Work order:
Exact copies of the lines below, from the one with "WIDE SLIT TEE" up to and including the one with "TORY BURCH KIRA", are what this calls for; leave out pictures.

Exercise data:
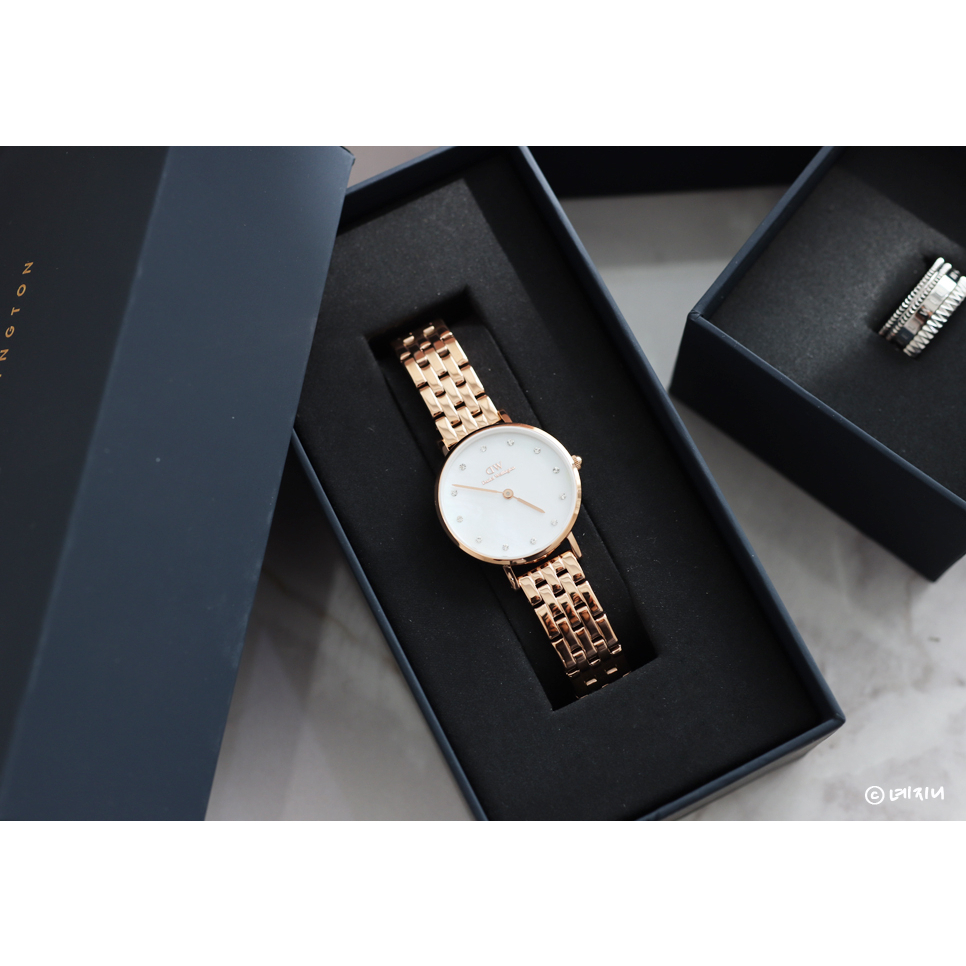 Đồng hồ Nữ Daniel Wellington Petite Lumine 5 Link Melrose 28mm Full Box DW Hàng Chính Hãng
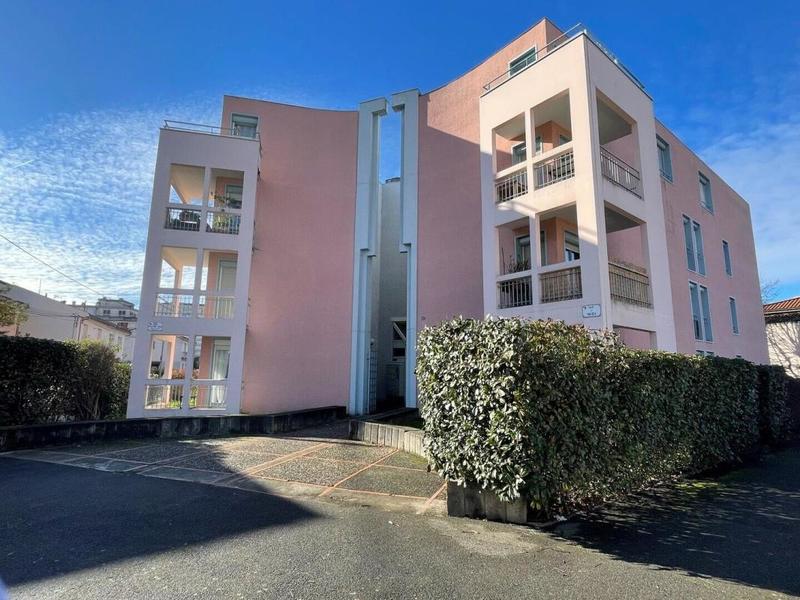 Appartement - 48 m² - 2 pièces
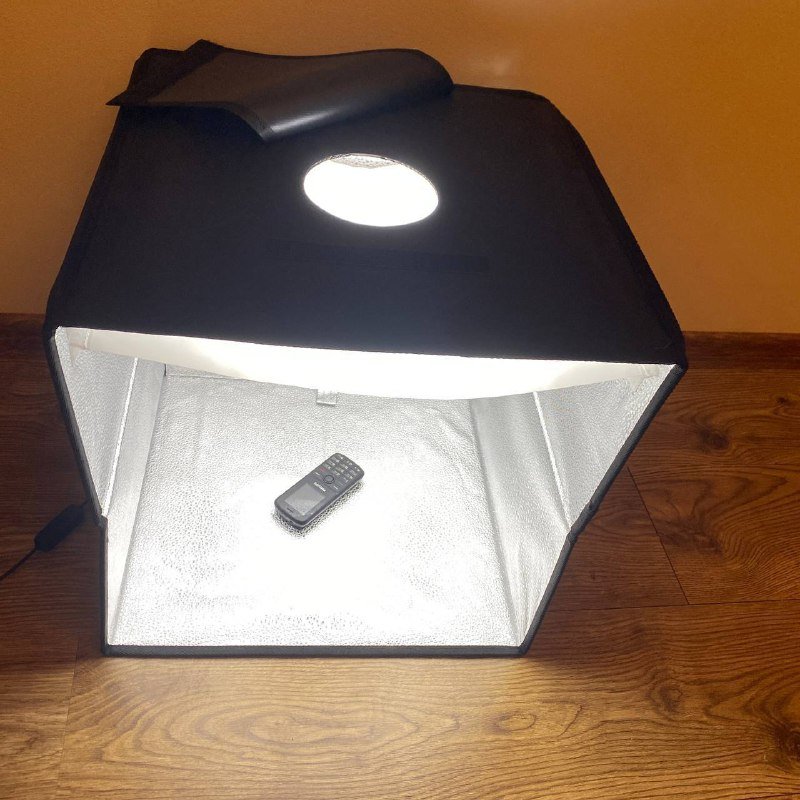 Студийный световой бокс с подсветкой и комплект фонов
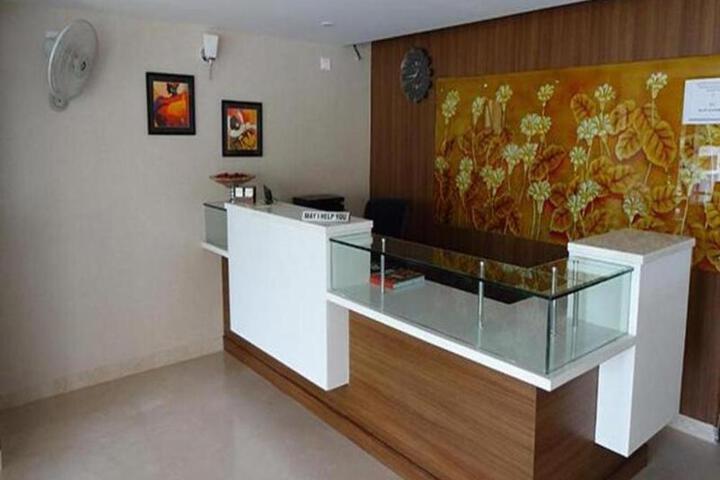 FabHotel Prime Le Grand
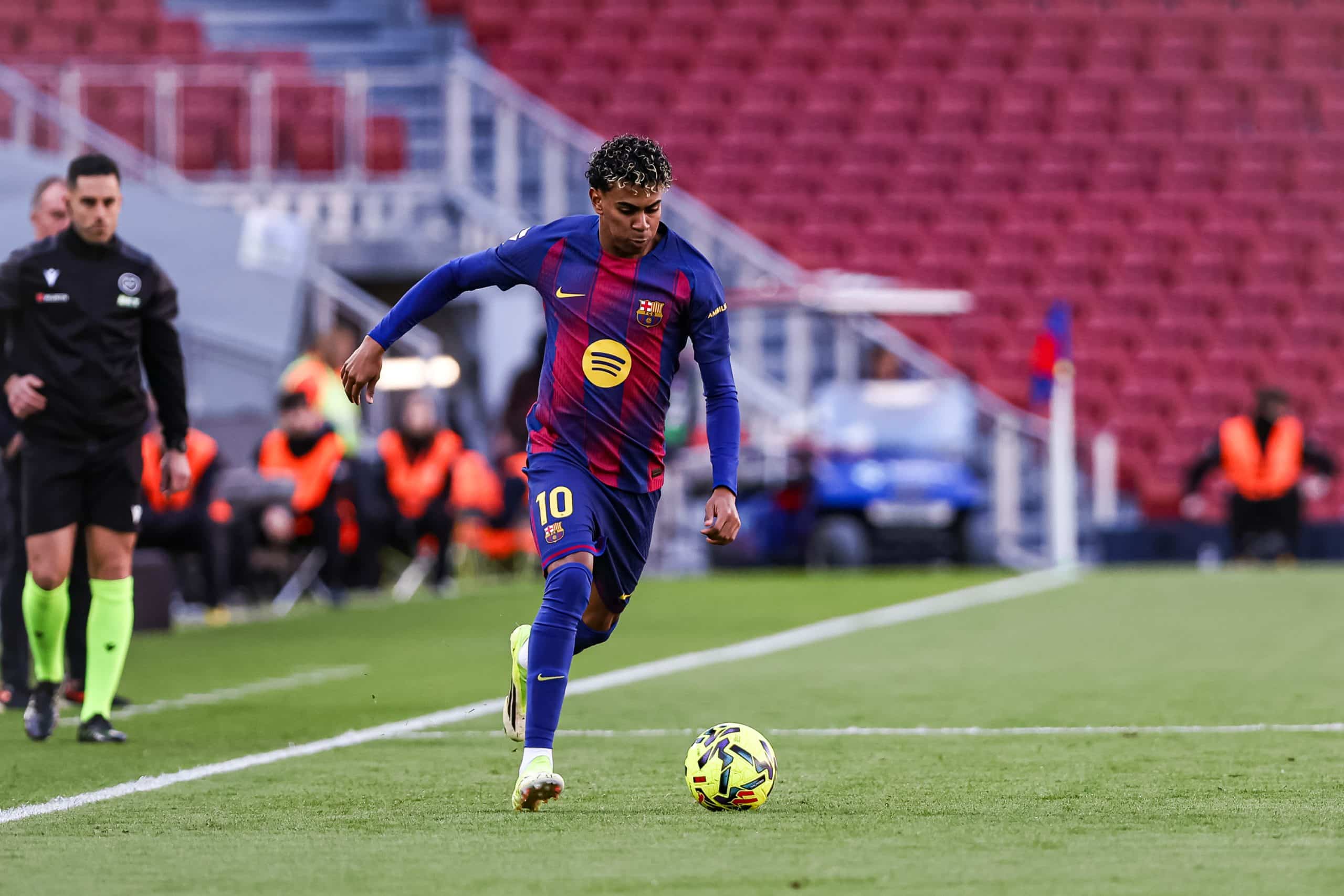 Lamine Yamal en action lors du match entre le FC Barcelone et Majorque.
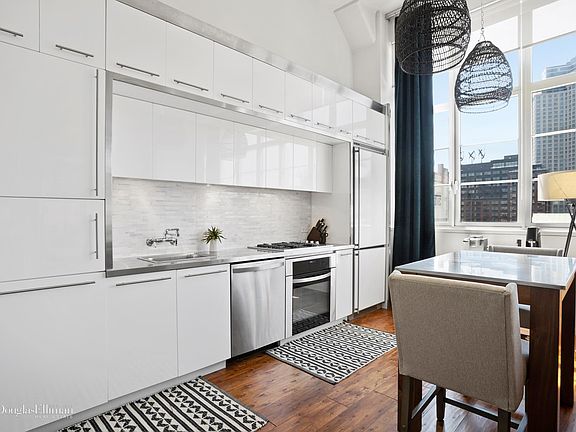 3rd image of 27-28 Thomson Ave #541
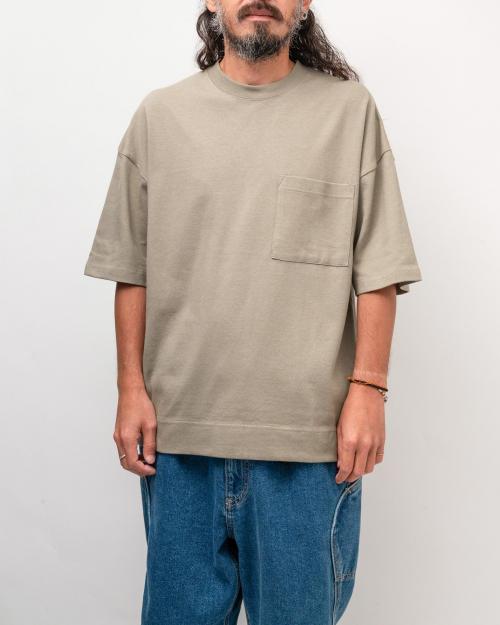 WIDE SLIT TEE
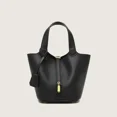 thumbnail image 2 of Bolso de mano de cuero suave con patrón de lichi para mujer, de gran capacidad cesta de comestibles, estilo europeo y americano, 2 of 5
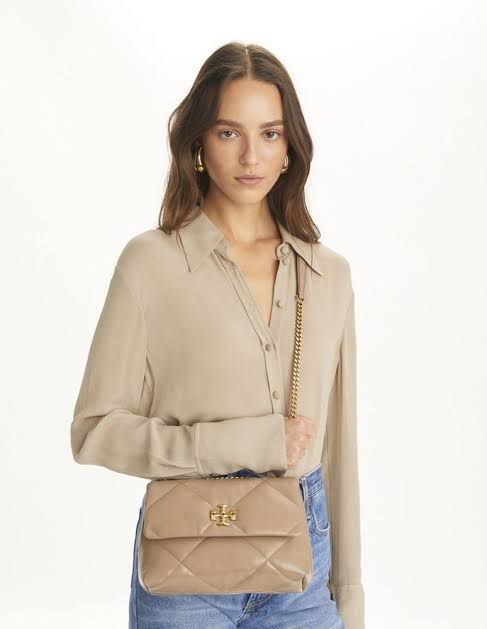 TORY BURCH KIRA DIAMOND QUILT – Women Convertible Shoulder Bag (Brown)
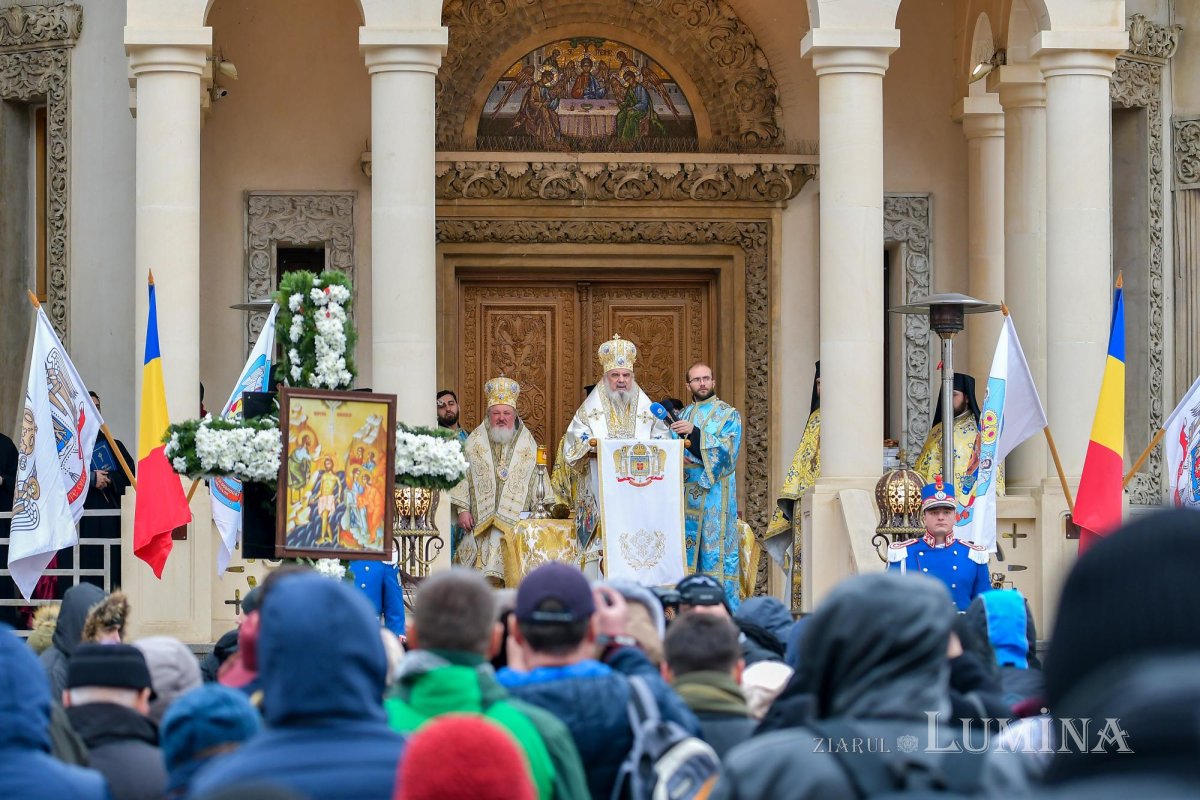 Binecuvântarea Iordanului la Catedrala Patriarhală din București 136505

Reply:
 WIDE SLIT TEE
 thumbnail image 2 of Bolso de mano de cuero suave con patrón de lichi para mujer, de gran capacidad cesta de comestibles, estilo europeo y americano, 2 of 5
 TORY BURCH KIRA DIAMOND QUILT – Women Convertible Shoulder Bag (Brown)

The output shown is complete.